わたしは子どものころ、スーパーファミコンの『大爆笑!!人生劇場 ずっこけサラリーマン編』という人生ゲームが好きだった。これは、サラリーマンとしてさまざまな人生体験やイベントを経て、最終的に一番お金持ちになった人が優勝する、というボードゲームソフトである。

そもそも、この人生ゲームは”爆笑!!人生劇場”というゲームのシリーズもので、『サラリーマン編』は8作品目なのだそう。ほかにも、幼稚園時代から人生を追うもの、学生時代や江戸が舞台のものなど、いろいろなスタイルの人生ゲームがあったようなのだが、当時ウチにあったのは、この『サラリーマン編』だった。

同ゲームの中で、自分は一人のサラリーマンとなり、ほかのプレイヤーと出世を競ったり、結婚相手を見つけたりと、「仕事とプライベート」を両立させながら人生を送っていく。当時、小学生だったわたしは”仕事”についてはよく分からなかったものの、なるべく頑張ってお金を稼ぎ、素敵だと思うキャラクターとデートを重ね、幸せなエンディングを求めて奔走していた。
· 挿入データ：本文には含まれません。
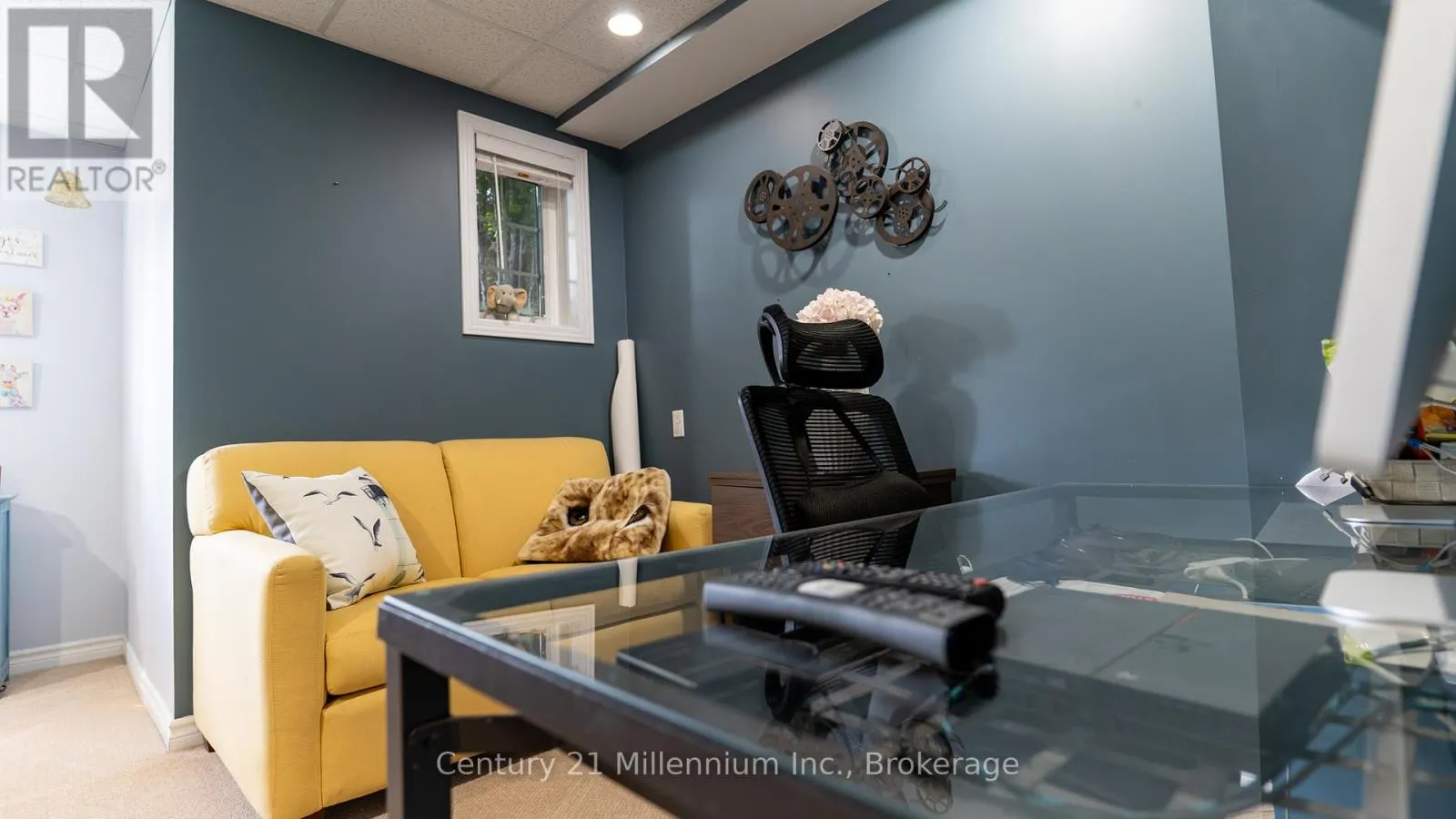 5 SUGAR MAPLE LANE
ベースはすごろくゲームなので、実力がどうのというより、ほとんど運ゲーに近い。そしてある程度、選択肢のパターンを覚えれば、良い具合に人生が進んでいくので、覚えゲーの要素もあった。何度かこの人生ゲームをプレイしていくうちに、この選択をすれば相手が喜んでくれる、このブラウスをプレゼントすれば出世できる、など、自然と「正解」を覚えられるようになる。そうなってしまうと、ゲームの面白さが半減してしまうように思うのだが、それでもわたしはこのゲームの中での人生をいつも楽しんでいた。


わたしはお金よりも、とにかく気に入った男と結婚し、幸せな人生を送ることを重視した。あるときは会社の先輩を、あるときは社長の息子をパートナーに選び、ハッピーエンドを迎えられるように奮闘した。

そんな『大爆笑!!人生劇場 ずっこけサラリーマン編』の醍醐味は、最後にプレイヤーの人生をランク付けするところ。(もしかしたらこの演出は、他シリーズにも共通しているのかも)プレイヤーの仕事ぶりや、プライベートでの行動などを分析し、それをポイント化して各プレイヤーに付与。誰が人生の勝ち組だったのかを、ランキングにしてくれるのである。しかし本当に面白いのはそのあと。プレイヤーの人生にランク付けはしたものの、それが本当に幸せとは限らない。…ということで、”最終的にプレイヤーたちが送った人生”をエンディングで見せてくれるのだ。

たとえば、あるプレイヤーはお金をたくさん持っていたが、独身のままだったので、引退後は大きな家を買って一人暮らしを送る、という寂しいエンディングに。また、あるプレイヤーはあまりお金はないが、愛するパートナーと子どもがいたため、老後は開業医になった子どもの支えを受けながら、豊かな老後暮らしを送る…というエンディングに。子どもはいないが、おじいちゃん・おばあちゃんになってもパートナーと仲睦まじく過ごした、というエンディングもある。このように、「優勝したのに、人生は優勝していない…」とモヤモヤすることもあるし、「負けたけど、幸せな人生を送れた!」と得した気分になることもあるのだ。最後になにやら考えさせてくれる、なんとも味わい深い人生ゲームである。


どうしてこんな話をしているのかというと、最近わたしの姉に赤ちゃんが産まれ、あぁ、みんな生きている!人間を営んでいる!…と、少し感動したからである。わたしに姪っ子ができ、わたしは叔母になった。これも生きているからこその、人間を営むことの延長線上だ。(個人的に、生きていくことは、人間の営み、ではなく「人間を」営む…という感じがする)

そうして、わたしはいま人生の”どのあたり”まで来たのだろうか。それはわたしだけではない。わたしの姉やその旦那さん、わたしの母、みんなそれぞれ、いま人生の”どのあたり”なんだろう。人生ゲームでいうと、いま何割くらいで、この先どんなイベントが待っていて、”新しい世代”に身を任せはじめるのは、一体あと何年後のことなんだろう。

わたしたちは最後に人生ランキングが発表されることはないけれど、誰かと比べることのない、素敵なエンディングを迎えられるような選択肢を、みんなが選べていたらいいな、と思う。